TL;DR

A* pathfinding is pretty conceptually simple, but can be quite complex to implement.

What Is Pathfinding?

Pathfinding is really quite a descriptive name - How does someone get from A to B? Obviously they need to find a path! Of course this is a bit of an oversimplification - you can’t simply dump an AI character into a game and say “Go to this point”, you need to give them some understanding of the shape of the world (e.g. you can’t walk through walls). In games the world is usually represented with a “navigation mesh”, for example:

Navigation mesh

The grey areas are convex polygons which make up the navigation mesh, AI’s “know” that they can only walk over areas the mesh covers. Hence, an AI getting from A to B would have to follow something like the red line. Let’s simplify the problem a little bit by removing all the geometric aspects of it. This would look a little like this:

Navigation graph

Again, the grey blobs are representations of where the AI can walk and the red arrows indicate the solution to the question of how to get from A (contained within “Top Room”) to B (contained within “Left Room”). Formally, the grey blobs are “vertices”, the black arrows are “edges” and a load of vertices and edges together form a “graph”. Pathfinding, in this abstract representation, is simply the question of which edges should be followed to get from one vertex to another.

Brute Force

The obvious way to find a path is with brute force, let’s see how that would work.

  1. Mark current vertex as visited
  2. Add all connected vertices (which are not marked as visited) to a “to do” list
  3. Set current vertex to be a vertex off the “to do” list
  4. If current vertex == destination, we’re done! Exit
  5. Goto 1

Basically, keep exploring every single possible path until you find the destination.
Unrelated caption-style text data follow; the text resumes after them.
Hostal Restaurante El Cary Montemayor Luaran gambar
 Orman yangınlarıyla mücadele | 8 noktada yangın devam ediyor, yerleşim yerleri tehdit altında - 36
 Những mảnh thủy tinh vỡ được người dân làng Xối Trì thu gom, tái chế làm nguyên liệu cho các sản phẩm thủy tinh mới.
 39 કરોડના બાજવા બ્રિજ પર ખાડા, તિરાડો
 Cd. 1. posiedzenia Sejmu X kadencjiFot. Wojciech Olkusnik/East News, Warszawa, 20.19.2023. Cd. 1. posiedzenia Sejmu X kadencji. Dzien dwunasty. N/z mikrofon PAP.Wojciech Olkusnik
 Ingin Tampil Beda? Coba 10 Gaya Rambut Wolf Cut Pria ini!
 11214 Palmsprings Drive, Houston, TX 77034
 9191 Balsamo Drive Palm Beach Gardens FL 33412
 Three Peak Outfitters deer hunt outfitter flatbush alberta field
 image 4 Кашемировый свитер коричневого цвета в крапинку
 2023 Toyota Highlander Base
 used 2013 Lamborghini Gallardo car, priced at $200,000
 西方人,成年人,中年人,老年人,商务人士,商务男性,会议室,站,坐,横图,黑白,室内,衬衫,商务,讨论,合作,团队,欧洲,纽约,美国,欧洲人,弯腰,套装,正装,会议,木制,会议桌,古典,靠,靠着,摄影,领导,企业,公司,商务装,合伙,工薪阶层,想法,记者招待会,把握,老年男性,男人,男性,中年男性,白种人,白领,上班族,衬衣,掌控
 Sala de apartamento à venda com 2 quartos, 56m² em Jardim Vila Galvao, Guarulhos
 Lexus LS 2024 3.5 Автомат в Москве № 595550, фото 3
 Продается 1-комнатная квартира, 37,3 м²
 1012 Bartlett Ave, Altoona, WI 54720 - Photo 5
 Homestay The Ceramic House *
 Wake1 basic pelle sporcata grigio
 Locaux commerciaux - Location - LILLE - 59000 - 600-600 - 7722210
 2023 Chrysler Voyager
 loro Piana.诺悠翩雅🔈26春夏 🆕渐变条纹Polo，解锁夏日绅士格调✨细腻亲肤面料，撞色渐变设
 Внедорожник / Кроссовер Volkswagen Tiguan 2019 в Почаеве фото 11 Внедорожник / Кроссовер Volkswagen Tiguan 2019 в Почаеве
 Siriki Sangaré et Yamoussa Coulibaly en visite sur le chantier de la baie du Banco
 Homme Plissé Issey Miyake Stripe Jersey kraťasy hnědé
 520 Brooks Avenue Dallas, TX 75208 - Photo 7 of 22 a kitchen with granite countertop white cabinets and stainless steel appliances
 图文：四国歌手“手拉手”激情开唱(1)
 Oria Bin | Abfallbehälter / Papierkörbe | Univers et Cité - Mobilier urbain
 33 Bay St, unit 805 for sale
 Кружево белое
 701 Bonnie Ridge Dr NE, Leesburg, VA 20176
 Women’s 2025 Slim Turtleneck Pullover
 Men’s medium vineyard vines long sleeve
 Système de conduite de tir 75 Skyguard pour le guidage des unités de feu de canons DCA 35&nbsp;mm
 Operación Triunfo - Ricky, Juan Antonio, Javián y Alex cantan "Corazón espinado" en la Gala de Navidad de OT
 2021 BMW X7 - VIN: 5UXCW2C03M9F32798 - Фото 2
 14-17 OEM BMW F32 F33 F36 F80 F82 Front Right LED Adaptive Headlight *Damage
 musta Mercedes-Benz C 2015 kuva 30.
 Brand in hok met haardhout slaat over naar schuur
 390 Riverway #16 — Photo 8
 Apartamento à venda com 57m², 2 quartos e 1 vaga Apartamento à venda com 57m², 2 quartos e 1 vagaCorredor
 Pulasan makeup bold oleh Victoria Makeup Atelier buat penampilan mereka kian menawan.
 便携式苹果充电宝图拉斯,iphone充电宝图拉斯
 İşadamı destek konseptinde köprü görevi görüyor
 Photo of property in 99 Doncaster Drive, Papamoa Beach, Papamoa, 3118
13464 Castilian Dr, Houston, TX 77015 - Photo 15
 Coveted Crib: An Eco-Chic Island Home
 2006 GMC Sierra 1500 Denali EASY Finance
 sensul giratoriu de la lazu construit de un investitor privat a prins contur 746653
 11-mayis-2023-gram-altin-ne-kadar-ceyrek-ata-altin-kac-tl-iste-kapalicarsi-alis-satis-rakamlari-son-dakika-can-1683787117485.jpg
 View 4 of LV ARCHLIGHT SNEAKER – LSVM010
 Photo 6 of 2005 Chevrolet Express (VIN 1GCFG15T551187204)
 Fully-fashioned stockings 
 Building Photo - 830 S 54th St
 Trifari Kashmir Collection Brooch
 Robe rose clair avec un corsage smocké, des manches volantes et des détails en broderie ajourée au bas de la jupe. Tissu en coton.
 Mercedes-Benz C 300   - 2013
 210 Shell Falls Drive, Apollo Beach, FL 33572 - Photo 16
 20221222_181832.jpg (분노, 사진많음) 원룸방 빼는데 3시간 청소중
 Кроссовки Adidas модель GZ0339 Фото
I think it should be pretty obvious why this is a dreadful way to solve the problem, to solve even a relatively small problem you’ll end up visiting very large parts of the graph.

Best First

The problem with the previous example was it considered every possibility equal, so it would explore every single possibility on the way to the destination with equal priority. Think about this from a more human perspective - if you were tracing a route on a map you wouldn’t trace every single little side road on the way, instead you’d take the largest roads until you were nearly at the destination and then if that didn’t get you all the way there start backtracking and trying smaller roads. Essentially, a human would try the best possibility first and then backtrack if this fails. This is the essence of A* search - the search will check out the nodes cloest the destination first:

  1. Mark the current vertex as visited
  2. Add all connected vertices (which are not marked as visited) to a “to do” list
  3. Sort the “to do” list by (Distance so far + guess of distance remaining)
  4. Set current vertex to the vertex which is guessed to e closest to the destination
  5. If current vertex == destination, we’re done! Exit
  6. Goto 1

The only difference is that, when picking which vertex to check next, A* picks the one which is probably (according to some guesstimate of distance) closest to the destination. Interestingly it turns out that so long as the guesstimate of remaining distance is always less-than-ore-equal-to the actual distance you’re guaranteed to get the optimal path (even though you didn’t check every possibility). Here’s a handy fact: The distance “as the crow flies” between two points is always less than or equal to the path between those points. So if you’re doing pathfinding in 3D space you can just use A* - with the euclidean distance as your guesstimate - and you’re done.

Fiddly Details

As with any efficient implementation of an algorithm there are fiddly little details that make A* harder to implemented than you might expect. Let’s think about the things that algorithm I described above does:

  • Mark vertices as visited
  • Find the vertex on the to do list with the smallest guessed distance
  • Guess the distance from A to B

Mark Vertices As Visited

The obvious way to do this is for vertices to have a field “visited” which you simply set to true. If you do this then checking if a vertex is visited is a dead simple boolean conditional (can’t get much more optimised than that). The problem is now every pathfind is modifying your vertices, when you complete your pathfind you have to go back over all the vertices and mark them as unvisited and running multiple pathfinds in multiple threads becomes rather difficult. A better approach is to keep a set of visited vertices - checking if a vertex is visited just involves checking if it’s in that set, for a hashset this is an O(1) operation - i.e. pretty cheap.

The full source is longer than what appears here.